Always respect who you are

10:44


Tonight was a night to be with family. A time for fun and laughter, reminiscing about times and enjoying new ones.
Somehow, weirdly,  it always relates back to weight.
My Uncle and Aunt were visiting from abroad, a perfect opportunity for both sides of my parents family to congregate. It’s always fun. We laugh, joke and talk about past times together.
Not long after I arrive, after I’ve made my way around the room, giving hugs and kisses to them all, I settle down next to my Gran. We start talking and she starts to tell a story how she and my Aunt couldn’t figure out the difference between me and my sister. I’ve lost weight over the last year, my Gran needs to assure me that my hips are smaller than my sisters.
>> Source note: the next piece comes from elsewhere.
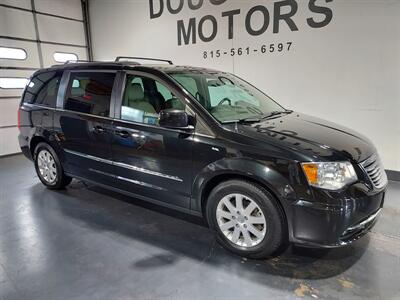 2016 Chrysler Town & Country Touring   - Photo 3 - Rochelle, IL 61068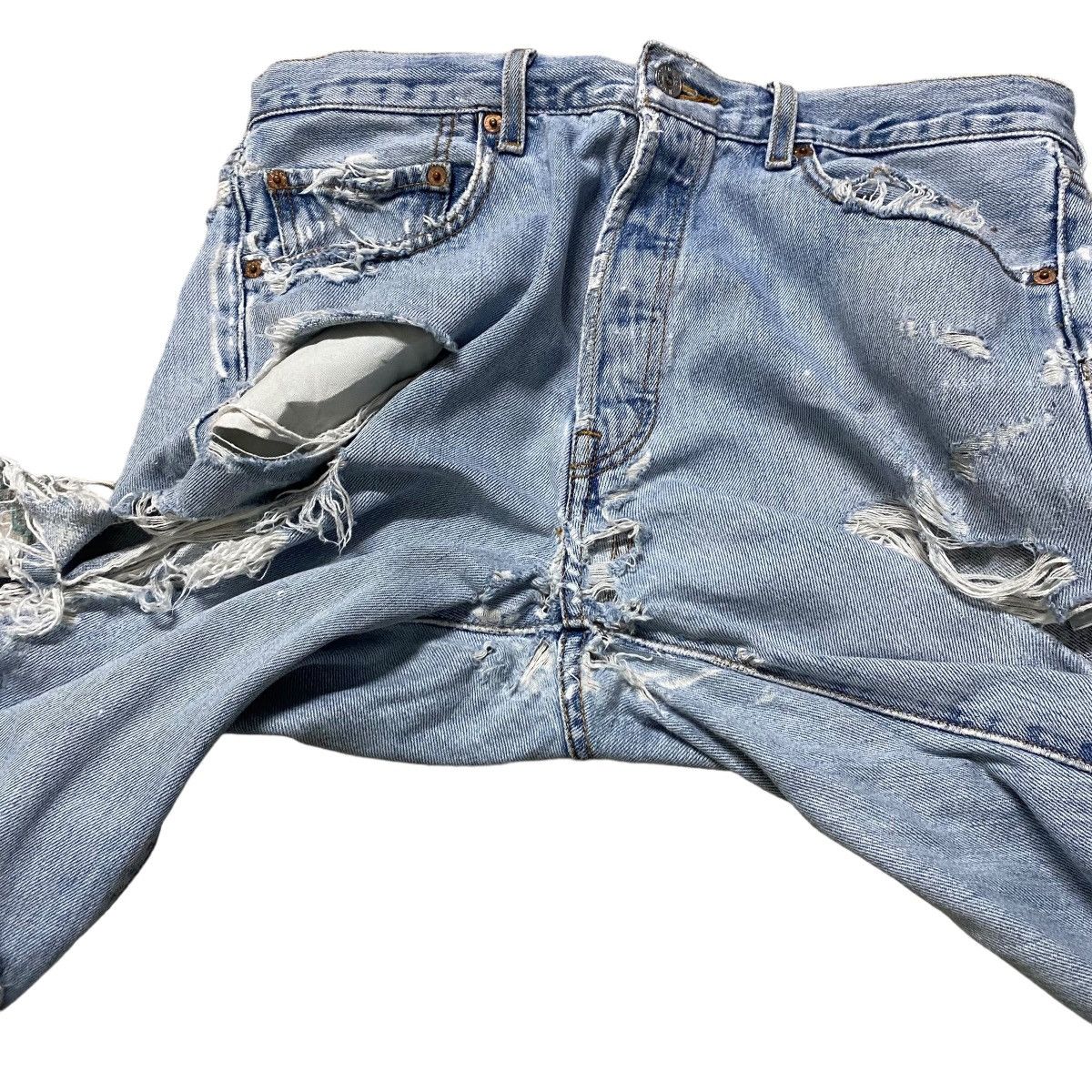 Levi's Vintage Levis 501 Thrashed Jeans Size US 34 / EU 50 - 18 Thumbnail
I speak to my other Aunt, she tells me I’m looking great and I’m keeping the weight off and that’s all that matters and she’s happy for me, as she asks how I’m doing.
Later, I’m sitting on the floor playing cards with my sister and my niece. My dad comes over and whispers in my ear that, ‘I’ve to pull down the back of my top’. I don’t understand as a little bit of my back is showing as I’ve leant forward under my 3 layers of tops. ‘It’s a builders bum showing’ my dad says, I reply, “its a bit of my back, no bum at all, just a little bit of my back”
I am always desperate to spend time with my family, but after I do, I have mixed emotions about the experience.
I am incredible grateful that I have a loving family that cares for me and I can spend time with them. However, I also feel negative about the ways they talk to me about my body.
I understand that is their way of saying that they care, however it takes me time to understand that.
I have completed a Nutritional Therapist course this year, and I am currently completing a 200hr Yoga Teacher Training course.
I feel that I am giving myself the tools to not only feel better about myself and take care of myself, but also to help others.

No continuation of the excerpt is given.